Amlodipino para todos

Wilfrido Perea Curiel

En semanas recientes, López Obrador le pidió al presidente Peña Nieto que se serenara, irónicamente le sugirió tomar el medicamento amlodipino, para ayudarlo, supuestamente, al manejo de la presión generada por las campañas en curso. Como van las cosas, los laboratorios tendrían que incrementar la producción de tal fármaco, ya que presenta alta demanda por parte de la angustiada e irritable clase política del país.

Aunque automedicarse nunca ha sido buena idea, el propio tabasqueño tendría que tomar tres dosis al día de dicha sustancia para manejar su estrés. Precisamente cuando en todos los estudios de opinión, aparece consolidado en la primera posición con una muy amplia ventaja; justo cuando los astros se le alinean y la guerra entre el PRI y el PAN parece no tener fin, de nueva cuenta evoca ese misterioso mecanismo de autodestrucción que, de alguna manera, incidió en sus derrotas de 2006 y 2012. El amago del tigre sin correa estuvo de más; con ello AMLO insinúa que no aceptará su derrota y que, en caso de darse, consecuentemente provocaría un desgarre social. Quizá si la figura hubiera sido evocada por Martí Batres o Fernández Noroña, habría cabido; pero no por quien está realmente cerca de convertirse en presidente de la República. La mesura de su discurso en la intercampaña le había reportado dividendos, le daba talla de jefe de Estado. Ahora sus detractores tendrán argumentos para machacar con aquello del “Mesías tropical”. Que alguien le diga que se ubica en una situación envidiable y se trata de que administre su ventaja.

Por lo visto, Peña Nieto ni siquiera ha adquirido la caja de comprimidos, aunque las decisiones que está por tomar demandan mucha sobriedad y responsabilidad. Dado el ADN político del mandatario, debe ser enorme la tentación de meterse en la elección y torcerla.El reciente incidente de la PGR y las airadas reacciones que desató no debieran ser soslayadas. Algún asesor le debería perfilar escenarios de cómo quedaría ante la historia y que aquel incidente del desafuero de Fox sería una anécdota muy menor comparada con lo que pudiera desatarse. Las horas más oscuras se viven en Los Pinos, la cavilación en soledad debe ser profunda y compleja, dejar pasar, pactar, torcer, confiar, temer.

Quizá el amlodipino le habría venido mejor a José Antonio Meade, más que los suplementos alimenticios en polvo que tomó este fin de semana. Para un equipo de campaña tan superficial que confunde operación política con sacarse fotos, subirlas al face y tomar café, debió haber sido muy dolorosa la rechifla en el estadio de las Chivas. Como también lo debió haber sido observar que, en los más recientes cortes de las encuestas, la costosa ocurrencia de la PGR y su video, no le reportó ganancia significativa. Hay más problemas en puerta para el PRI, ante el revuelo interno que generará la publicación de las listas definitivas de las candidaturas para diputados federales y senadurías. De acuerdo con diversas encuestas, la prospectiva apunta a que, de las nueve gubernaturas en juego, el tricolor sólo es competitivo en Yucatán. De igual manera, se avizora una debacle para el PRI en las cámaras de Diputados y Senadores.

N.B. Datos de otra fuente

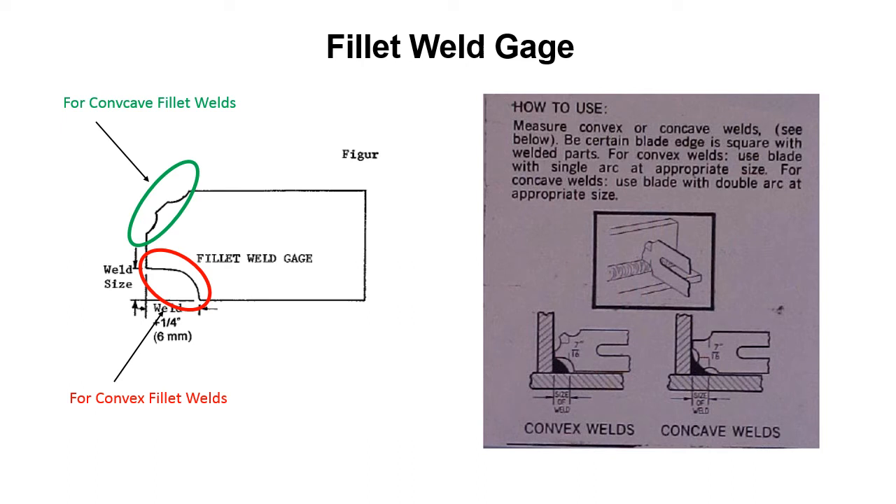This is a fillet weld gauge, and you can see you've got two different sides — they both measure the same thing, but one side is for concave fillet welds and the other is for convex fillet welds. On the right, there's a graphic showing how you're measuring convex welds, and on the next one you're measuring concave welds. It's just checking to make sure you've got the right amount of material in there — it depends on whether the fillet weld is concave or convex.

Ricardo Anaya tendría también que recurrir al mentado amlodipino, o tal vez a un calmante más potente. Se dice que desde Estados Unidos vendrá el misil letal. Que el gobierno federal no cesará en su ofensiva, que escalará el conflicto y que viene su descarrilamiento definitivo. Aunque asimismo se apunta en el debate público que, si nada de esto ocurre, Anaya resultaría fortalecido, sus emociones deben andar al tope. Llama la atención que, a pesar del sistemático bombardeo en su contra,el amparo de su partido haya sido más bien tibio. Salvo el jefe Diego —quien lo mismo lo escuda que se va a brindar con Meade—, el blanquiazul parece indolente a lo que sucede con su candidato. Claras señales de molestia interna. Sus más decididos defensores han sido sus nuevos amigos del PRD y un destacado grupo de intelectuales.